Till about a decade ago most banks in India offered only traditional banking products-opening savings /current accounts and fixed deposits, loans, credit lines etc. Major part of the revenue was from the spread between the rate of interest offered on deposits from customers (funds borrowed) and the rate of interest charged on loans (funds lent).
Going beyond just transaction oriented banking –
Greater competition in the form of new private sector banks being formed, foreign banks opening branches in India, dwindling interest income and increased customer expectations made it necessary for banks to go beyond just transaction oriented banking and look at other sources of revenue .This resulted in banking foraying in to selling third party products like mutual funds ,insurance , bonds etc and slowly graduating to relationship oriented banking to private banking to wealth management and then to financial planning.
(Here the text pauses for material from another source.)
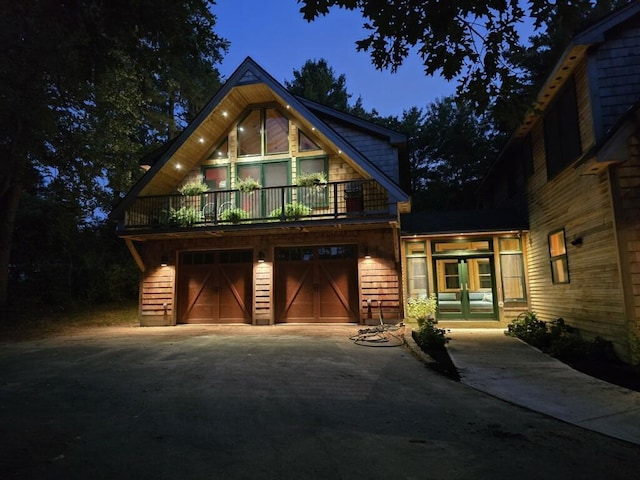 view of front of property with french doors and a garage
Today most of the private and foreign sector banks, and even the public sector ones are setting up dedicated financial planning outfits complete with qualified professional planners, a strong research team, customer service staff, and the other infrastructure. Banks are also focusing on training their existing manpower for developing the required skills in financial planning. One such initiative has been the IIBF (Indian Institute of Banking and Finance) collaborating with FPSB (Financial Planning Standards Board) in India to develop a specialized postgraduate diploma course in financial advising aimed at bankers.
The future potential-
The world wealth report 2011 by Capgemini and Merrill Lynch Global Wealth Management says –
- Globally, HNWIs’ financial wealth grew 9.7% in 2010 to reach US$42.7 trillion, surpassing the 2007 pre-crisis peak.
- The population of HNWIs in Asia-Pacific, at 3.3 million individuals, is now the second-largest in the world.
- India’s HNWI population entered the Top 12 for the first time.
Inspite of the growing population of high net worth individuals, the market for investment products in India is unorganized and largely broker driven, with a large chunk of the wealth in the country being managed by hundreds of small time agents and brokers. This puts the banks, with their wide branch networks and huge existing customer base, in a very favourable position to go out and tap this wealth.